Que aplauda con boca y manos
Juan los versos italianos,
vaya en paz;
pero que porque él se extienda
en su elogio, los entienda,
¡qué capaz!

El público estaba ávido de ópera tanto como el europeo. Por ejemplo, el 13 de septiembre de 1823, La urraca ladrona se estrenó en México, es decir, apenas seis años después de que la compusiera Gioachomo Rossini. Se contaba que el compositor fue encerrado por el productor de la ópera para que terminara de escribir la obertura, así que Rossini fue echando las partituras por la ventana para que el arreglista fuera haciendo las partes de cada uno de los instrumentos. Rossini era tan popular que se hablaba incluso de la ropa que usaban las actrices en los estrenos de sus óperas. Además de Rossini, el público de teatro era aficionado a las óperas de Bellini y de Donizetti. Esto nos habla de que en México aún no llegaba la hora del romanticismo arrebatado y trágico, porque justamente las obras que por entonces gustaban eran las que tenían final feliz.


Mariano Elízaga

El michoacano Mariano Elízaga (1786-1842) fue el músico más importante de este periodo. Era comparado con Mozart, porque además de ser un músico precoz fue educado con gran rigor por su padre, cuando se dio cuenta de su talento musical. Era tanto su talento que La Gaceta de México publicó una nota hablando de un niño prodigio. Tal vez por esta causa, el virrey Revillagigedo lo mandó llamar a su corte. Gracias a esto, pudo tomar clases de composición y dedicarse de manera profesional a la música. Más adelante fue un renombrado profesor; entre sus alumnas se encontraba Ana María Huarte, una joven también michoacana, que más adelante contraería matrimonio don Agustín de Iturbide, por lo que se convertiría en Emperatriz de México durante los diez meses que se mantuvo su esposo en el poder. Mientras gobernaba Iturbide nombró a Elízaga “maestro de capilla”, aunque sólo era un nombramiento honorario que no incluía sueldo. De ahí que Elízaga buscara otras maneras de ganarse la vida como músico, así es que con un amigo suyo, don Manuel Rionda se puso a trabajar y en febrero de 1826 anunció la fundación de la primera imprenta musical de México. También fue el primero en hacer una orquesta filarmónica en México. Como se sabe, una “filarmónica” tiene detrás un grupo de melómanos que organizan conciertos destinados a difundir la música. No era nada extraño, ya que Elízaga era un hombre muy admirado; tanto lo era que se cuenta que el tumulto que se hizo cuando estrenó su Himno patriótico sólo era comparable a la entrada del Ejército Trigarante en 1821. El novelista Manuel Payno, en Los bandidos de Río Frío hace una remembranza de Elízaga, que era conocido como “el Rossini mexicano”, en el lujoso salón de uno de los personajes de la historia:

La entrada del maestro Elízaga era cada jueves un acontecimiento; hombres y señoras se ponían en pie, le estrechaban la mano, le saludaban y le decían tantas y tan afectuosas palabras, como si en años no le hubiesen visto. Era el maestro agradable, de buena figura, hombre de mundo, y correspondía a tanto agasajo con desembarazo y amabilidad, dejando contentos a todos sus amigos. Platicaba y reposaba un rato, y después, sin que nadie le rogase y sin dar a conocer cuánto le agradaban los aplausos de aquella reunión, se ponía al piano y encantaba a los que lo oían, pues poseía una destreza, una dulzura y una propiedad… que aun hoy, que tantos y tan insignes pianistas hay en Europa y en América, sería una notabilidad. Generalmente, en lugar de tocar las piezas de música que se usaban en ese tiempo, improvisaba y producía melodías que eran completamente desconocidas.

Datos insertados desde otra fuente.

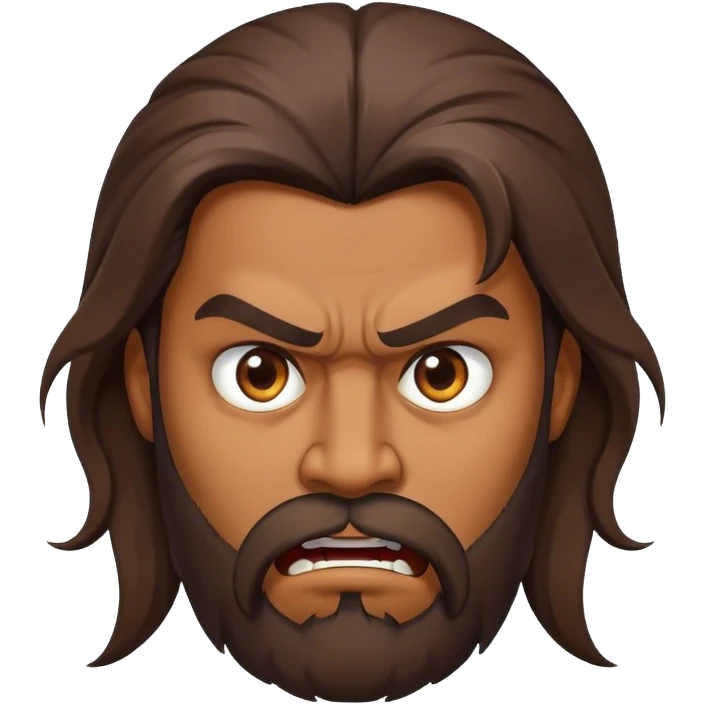 brown man with beard and long hair angry crazy emoji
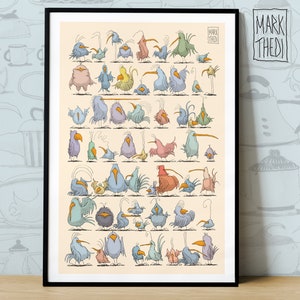 Impresión de edición limitada, Birdies Life © "Birds In Line", ilustración, arte mural, póster de animales, pájaros de acuarela.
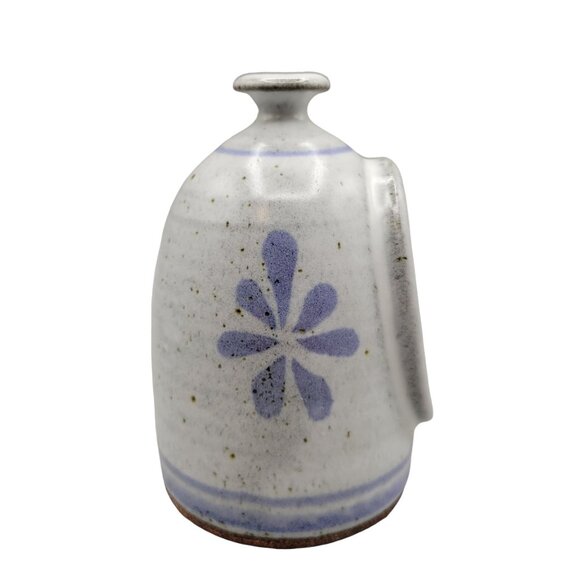 Handmade Pottery Scrubbie Sponge Holder Blue Speckled Flower Bell Shaped - Picture 4 of 7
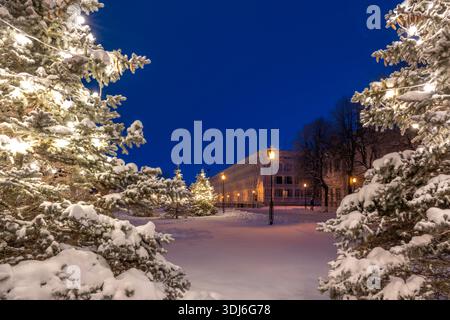 Oulianovsk, Russie - 14 février 2022 : arbres de Noël enneigés décorés de guirlandes, de lampadaires et de l'Université pédagogique d'État d'Oulianovsk. Banque D'Images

Desafortunadamente, de él sólo se conocía una Misa en La mayor, hasta que en 1993 se descubrió un ejemplar de la obra que publicó en la editorial que había fundado en 1826. Sí, la obra Últimas variaciones estuvo extraviada 167 años hasta que casi milagrosamente un musicólogo mexicano, Ricardo Miranda, encontró esta obra para piano que ya cuenta con algunas grabaciones.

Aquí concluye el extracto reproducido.